# Sand Flea Hook Size



## patindaytona (Jun 17, 2006)

Got some live sand fleas the other day...first time I've done that. What is a nice hook size for one of them? If some are small, is it a good idea to put more than one on the same hook, or does that take away from bait presentation?


----------



## toejam (Jan 28, 2005)

number 2 to 2/0 Owner Mutu LIte work for me with fleas,,, most the time I use a 1/0. I don't like multiple fleas per hook but have caught fish doing it......


----------



## barty b (Dec 31, 2004)

eagle Claw L197 2/0 circle sea. And yes 2 fleas when they are small will work. I also add a small piece of crab flavor fishbite in oRANGE to simulate the roe..Thats what the Pomps are after. Hook your fleas like this... Pin the "digger" to the body by coming through the bottom of the flea,out the top of the shell.


----------



## Fishman (Apr 23, 2000)

barty b said:


> eagle Claw L197 2/0 circle sea. And yes 2 fleas when they are small will work. I also add a small piece of crab flavor fishbite in oRANGE to simulate the roe..Thats what the Pomps are after. Hook your fleas like this... Pin the "digger" to the body by coming through the bottom of the flea,out the top of the shell.
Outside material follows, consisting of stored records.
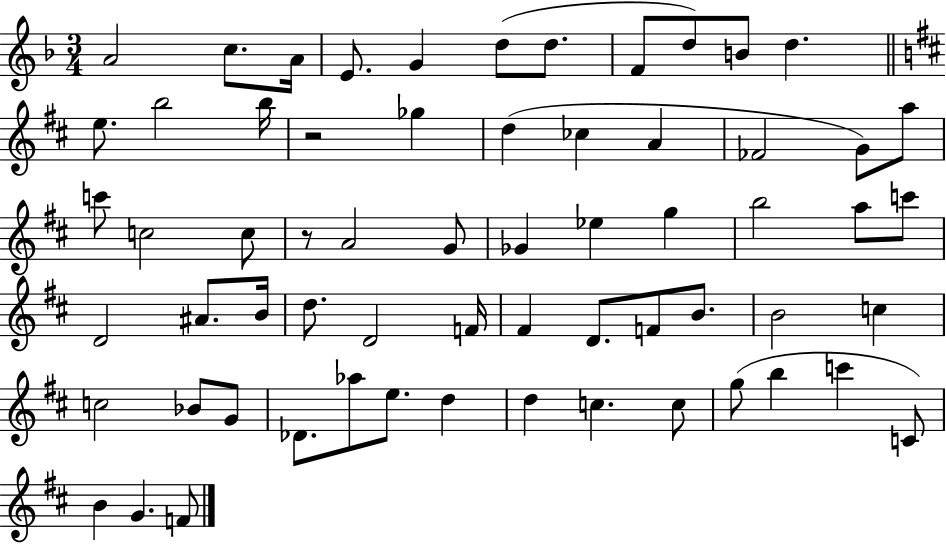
{
  \clef treble
  \numericTimeSignature
  \time 3/4
  \key f \major
  a'2 c''8. a'16 | e'8. g'4 d''8( d''8. | f'8 d''8) b'8 d''4. | \bar "||" \break \key d \major e''8. b''2 b''16 | r2 ges''4 | d''4( ces''4 a'4 | fes'2 g'8) a''8 | \break c'''8 c''2 c''8 | r8 a'2 g'8 | ges'4 ees''4 g''4 | b''2 a''8 c'''8 | \break d'2 ais'8. b'16 | d''8. d'2 f'16 | fis'4 d'8. f'8 b'8. | b'2 c''4 | \break c''2 bes'8 g'8 | des'8. aes''8 e''8. d''4 | d''4 c''4. c''8 | g''8( b''4 c'''4 c'8) | \break b'4 g'4. f'8 | \bar "|."
}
How about a picture Ive never fished a sandflea


----------



## MCS (Aug 15, 2006)

Fishman said:


> How about a picture Ive never fished a sandflea


I saw this info w/pics on another site:

http://www.boatlessfishing.com/forum/viewtopic.php?=&p=14636


----------



## cpn_aaron (Apr 11, 2006)

I use a 1o/ mustad live bait style hook. The short shank and spread are perfect for one large or in apinch two medium sand fleas. The hook is almost completely covered and sink well into a fish. Plus the short shank helps getting a hook set in smaller mouthed fishes.


----------



## POMPINOLOVER (Jun 29, 2006)

Great Link SGT .. thanks


----------